Deuda creciente y menor financiación ponen en riesgo avances globales contra la pobreza

Compartir en redes sociales

Un informe de la Organización de las Naciones Unidas advierte que la combinación de deuda externa, caída de la ayuda internacional y tensiones geopolíticas está frenando el desarrollo en países pobres, ampliando la desigualdad y revirtiendo décadas de progreso, pese a avances puntuales como el crecimiento de la inversión en energías renovables.

Un informe de la Organización de las Naciones Unidas advierte que el financiamiento para los países en desarrollo es cada vez más insuficiente, lo que está revirtiendo décadas de avances en la lucha contra la pobreza. Según el documento, factores como el aumento de la deuda externa, la caída de la inversión y el debilitamiento de la cooperación internacional están limitando la capacidad de estas naciones para invertir en salud, educación y transición energética.

El análisis señala que cerca de 3400 millones de personas viven en países que destinan más recursos al pago de intereses de deuda que a servicios básicos. En 2024, el servicio de la deuda alcanzó su nivel más alto en 20 años, mientras que la ayuda oficial al desarrollo cayó un 6% y podría seguir disminuyendo en 2025. A esto se suma la reducción de la inversión extranjera directa, que descendió un 11% el año pasado.
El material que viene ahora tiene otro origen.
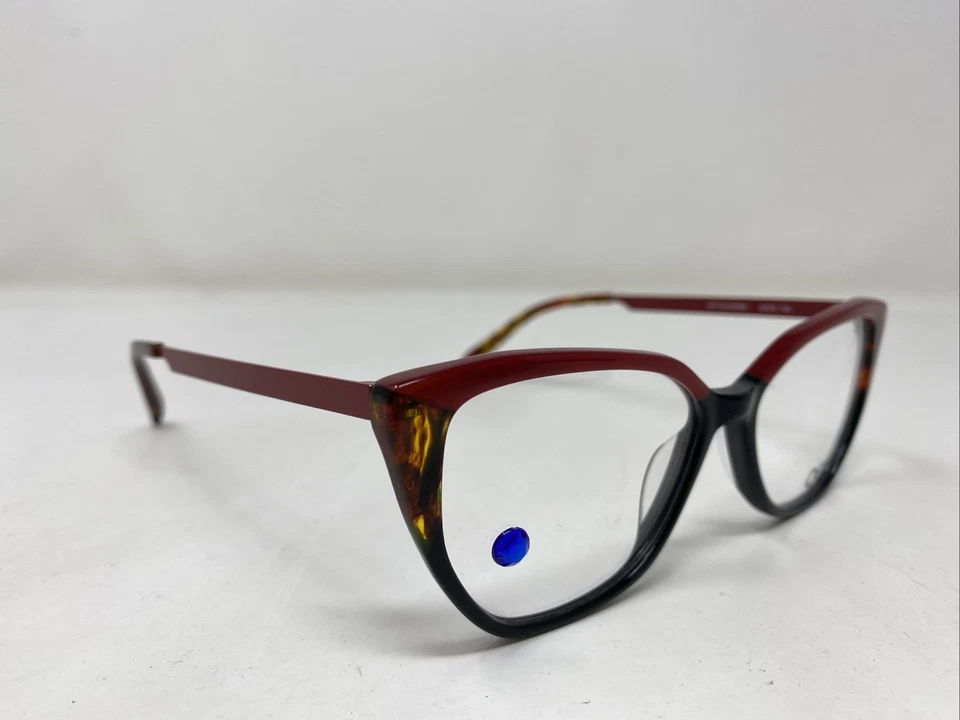 Marco de gafas OGI Japón HEY BOYS ROJO 52-15-145 rojo/negro borde completo YS82 Foto 3 de 4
El informe también advierte sobre el impacto de las tensiones comerciales. El aumento de aranceles a las exportaciones de países en desarrollo encarece sus productos y limita su crecimiento económico, en un contexto de mayor fragmentación global y debilitamiento del multilateralismo.

Pese a este panorama, se registran algunos avances. La inversión en energías renovables alcanzó un récord de 2,2 billones de dólares en 2024, duplicando la destinada a combustibles fósiles, mientras que el comercio entre países en desarrollo se ha multiplicado en las últimas dos décadas. Sin embargo, la brecha de financiamiento para cumplir los Objetivos de Desarrollo Sostenible sigue siendo de cuatro billones de dólares anuales.

El documento concluye que la implementación de los acuerdos alcanzados en la Cumbre de Sevilla 2025 será clave para mejorar el acceso a recursos y fortalecer la cooperación internacional, en un contexto que exige respuestas coordinadas para evitar un mayor retroceso en los indicadores globales.